▶ **PROMPT**:
Beginning with the line that contains "Blood glucose results", transcribe the rest of the listing below exactly, including its last line, and exclude any pictures.

▶ **SUPPLIED MATERIAL**:

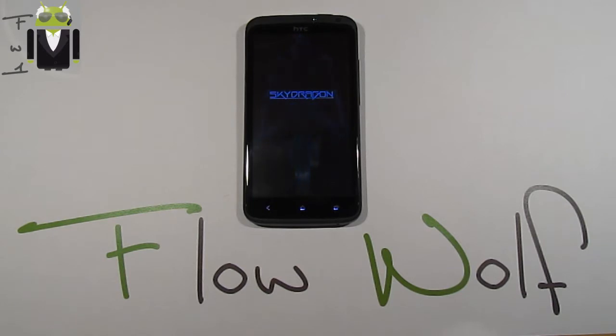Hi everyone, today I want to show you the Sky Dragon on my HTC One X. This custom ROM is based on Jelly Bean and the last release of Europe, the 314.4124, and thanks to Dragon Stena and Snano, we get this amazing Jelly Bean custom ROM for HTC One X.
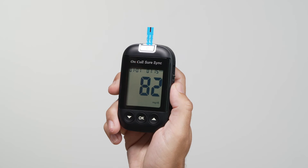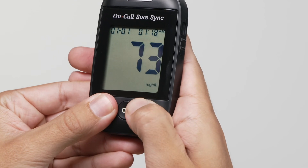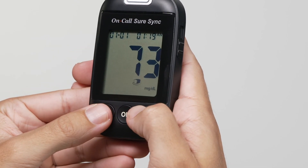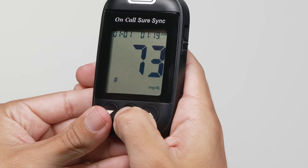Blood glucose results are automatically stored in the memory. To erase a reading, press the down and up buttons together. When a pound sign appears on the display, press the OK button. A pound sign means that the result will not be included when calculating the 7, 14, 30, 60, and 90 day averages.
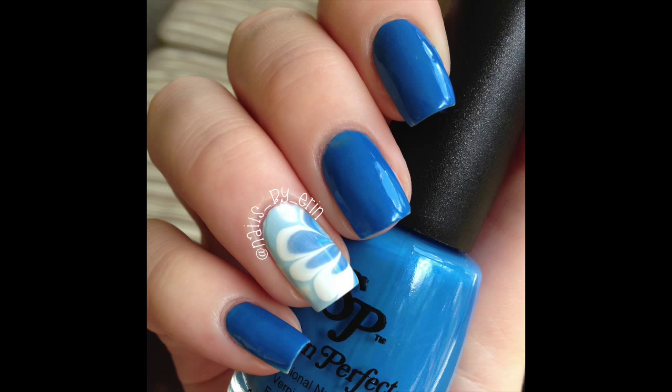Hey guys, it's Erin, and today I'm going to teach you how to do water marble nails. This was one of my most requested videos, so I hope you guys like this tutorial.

▶ **SOLUTION TO THIS EXERCISE**:
Blood glucose results are automatically stored in the memory. To erase a reading, press the down and up buttons together. When a pound sign appears on the display, press the OK button. A pound sign means that the result will not be included when calculating the 7, 14, 30, 60, and 90 day averages.
Hey guys, it's Erin, and today I'm going to teach you how to do water marble nails. This was one of my most requested videos, so I hope you guys like this tutorial.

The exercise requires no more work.